The clock is ticking for lakhs of taxpayers who are yet to file their income tax returns for Assessment Year 2025-26. The government had extended the original July 31 deadline for non-audit cases to September 15, 2025, but with just days left and no word on another extension, individuals should not bank on last-minute relief.
So, who exactly has to meet this September 15 deadline?
Salaried and Non-Audit Category Taxpayers
The extended deadline is meant for taxpayers who do not require a tax audit. This includes:
- Salaried individuals whose annual income exceeds the basic exemption limit — Rs 2.5 lakh for those below 60, Rs 3 lakh for senior citizens, and Rs 5 lakh for those above 80 under the old tax regime. However, in the new tax regime, the limit is Rs 3 lakh for all categories for FY 2024-25 (AY 2025-26).

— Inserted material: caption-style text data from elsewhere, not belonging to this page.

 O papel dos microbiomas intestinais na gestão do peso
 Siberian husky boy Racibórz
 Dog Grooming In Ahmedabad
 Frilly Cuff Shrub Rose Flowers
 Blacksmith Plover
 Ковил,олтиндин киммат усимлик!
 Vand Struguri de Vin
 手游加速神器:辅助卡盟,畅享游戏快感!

- Freelancers and professionals with income below the audit threshold.
- Small traders and businesses that are not covered under Section 44AB of the Income Tax Act.

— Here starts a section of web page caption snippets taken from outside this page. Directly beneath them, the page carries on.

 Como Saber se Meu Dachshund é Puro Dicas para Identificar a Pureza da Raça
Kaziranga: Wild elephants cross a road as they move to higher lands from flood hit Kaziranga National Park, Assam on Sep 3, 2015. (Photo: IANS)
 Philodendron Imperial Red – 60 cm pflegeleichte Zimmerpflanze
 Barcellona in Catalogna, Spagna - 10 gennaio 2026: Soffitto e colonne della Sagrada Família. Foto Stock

- Investors who earned capital gains from equities, mutual funds, property, or gold, but are not subject to audit.
- Resident taxpayers with foreign income or assets, who are required to file returns irrespective of income level.
ITR Filing 2025: Who Gets More Time?
Taxpayers whose books need to be audited — businesses with turnover above specified limits or professionals above the prescribed receipts — have until October 31, 2025.
ITR Filing 2025: What If You Miss The September 15 Deadline?
As the last date to file non-audit ITRs is September 15, a late fee will be charged after this deadline. A late filing fee of Rs 1,000 (on income up to Rs 5 lakh) or Rs 5,000 (income above Rs 5 lakh) applies under Section 234F. Delayed filing also attracts interest on tax due and denies taxpayers the option to carry forward certain losses, such as from capital markets or business.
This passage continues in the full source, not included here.